DATASET CONTENT:
────────────────────

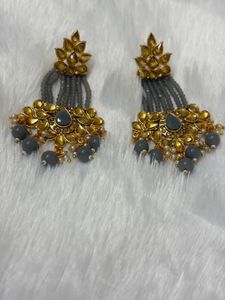 Elegant Grey &amp; Gold Dangle Earrings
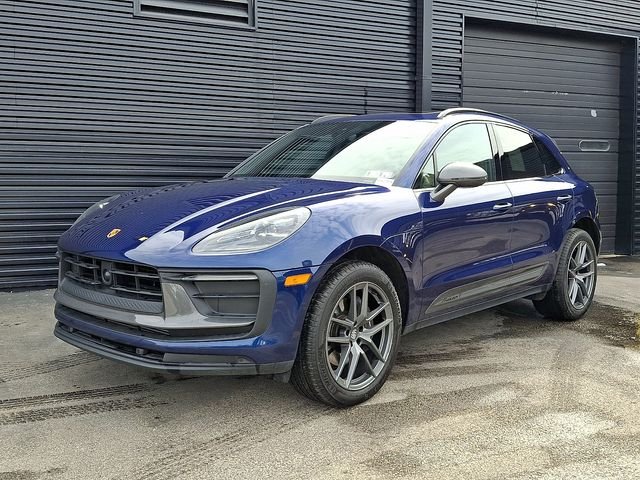 2025 Porsche Macan T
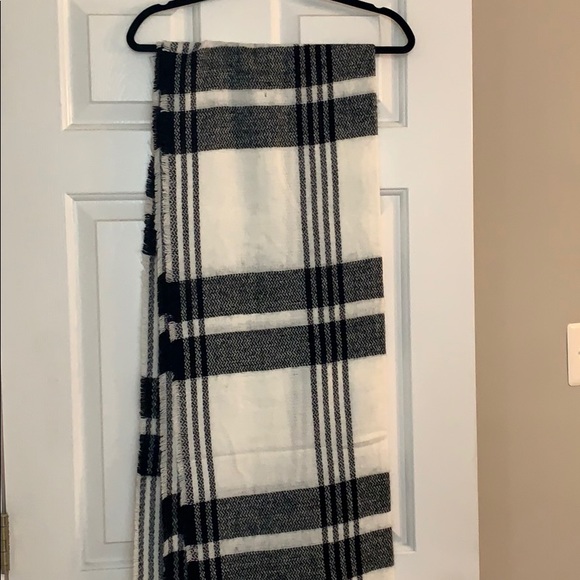 New never worn scarf - Picture 1 of 1
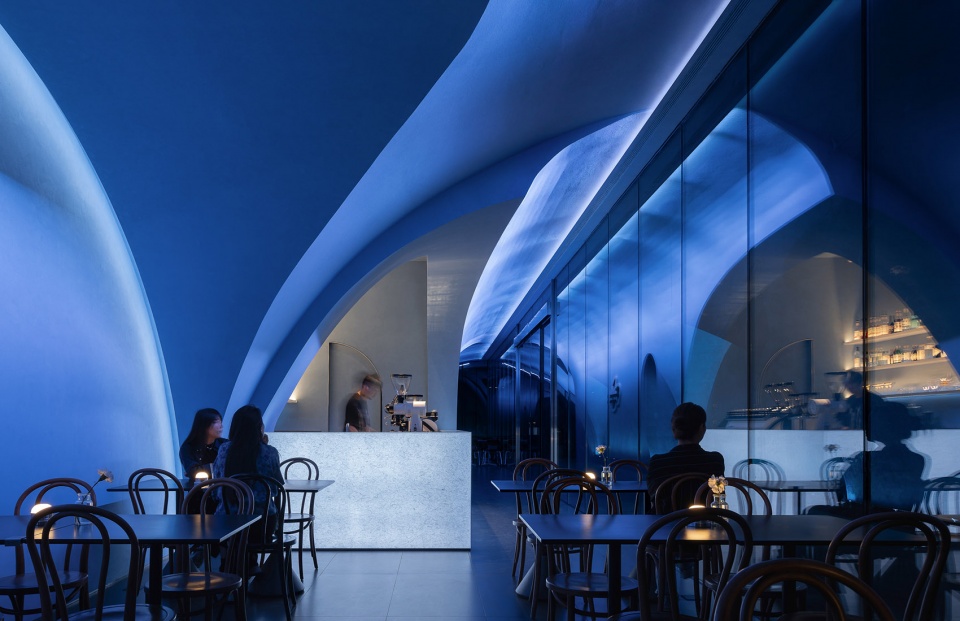 luminous tunnel dos restaurant by mars studio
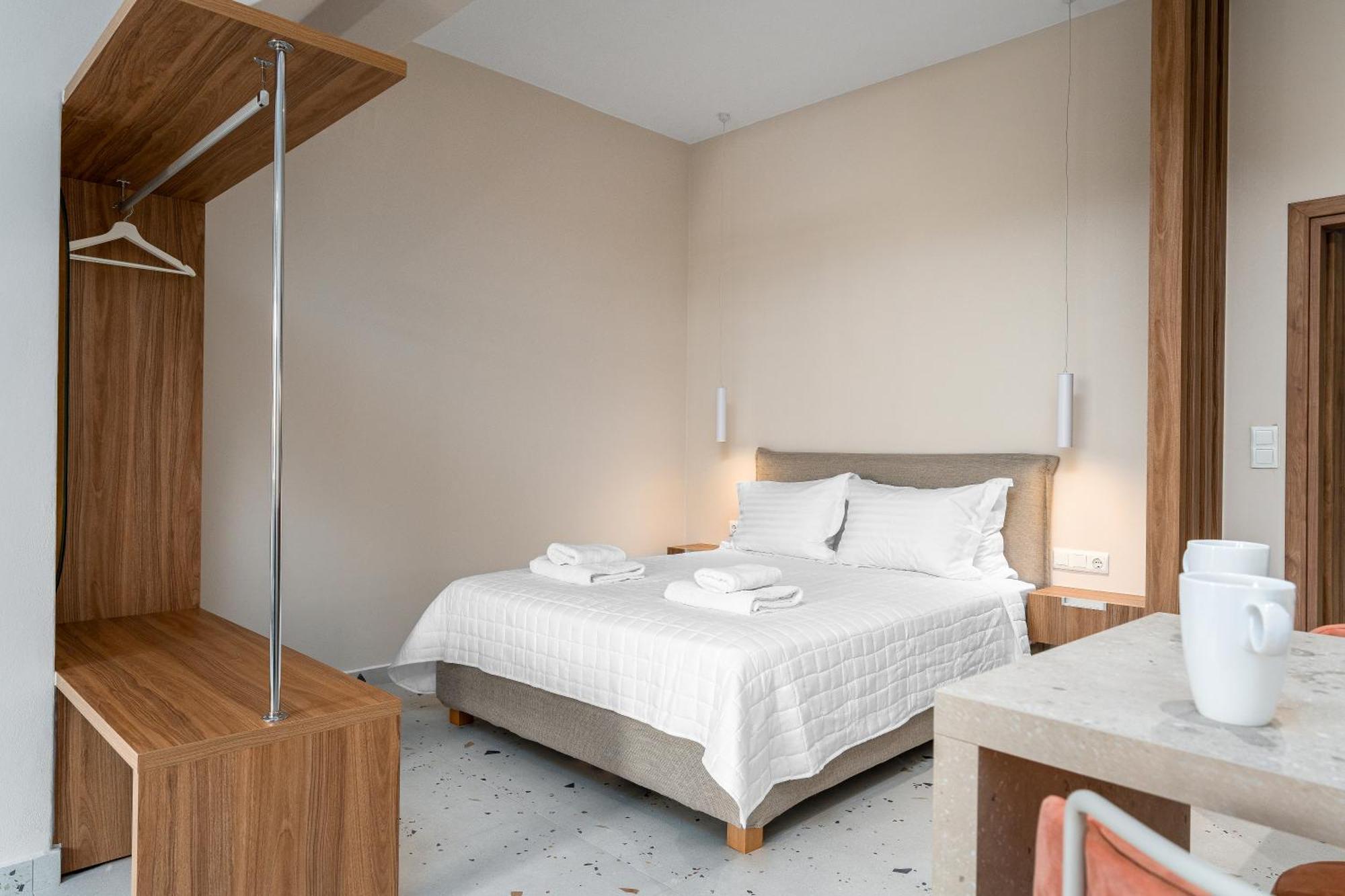 Phaos Residence, Your Stylish Crete Retreat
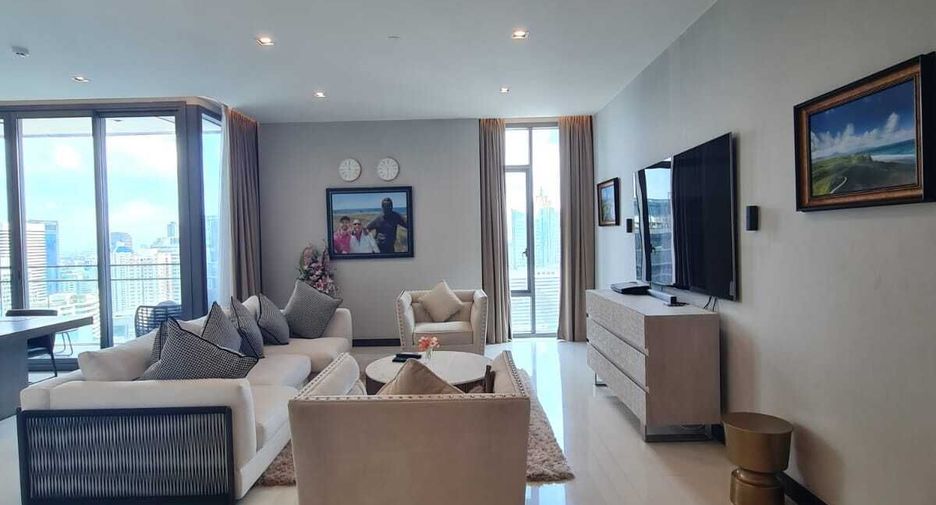 For sale 3 bedrooms condo in Khlong Toei, Bangkok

────────────────────

Retype exactly, and only, the lines from the one containing "New never worn scarf - Picture 1 of 1" through the end of the records above. Pictures stay out of the copy.

FINISHED TASK:
 New never worn scarf - Picture 1 of 1
 luminous tunnel dos restaurant by mars studio
 Phaos Residence, Your Stylish Crete Retreat
 For sale 3 bedrooms condo in Khlong Toei, Bangkok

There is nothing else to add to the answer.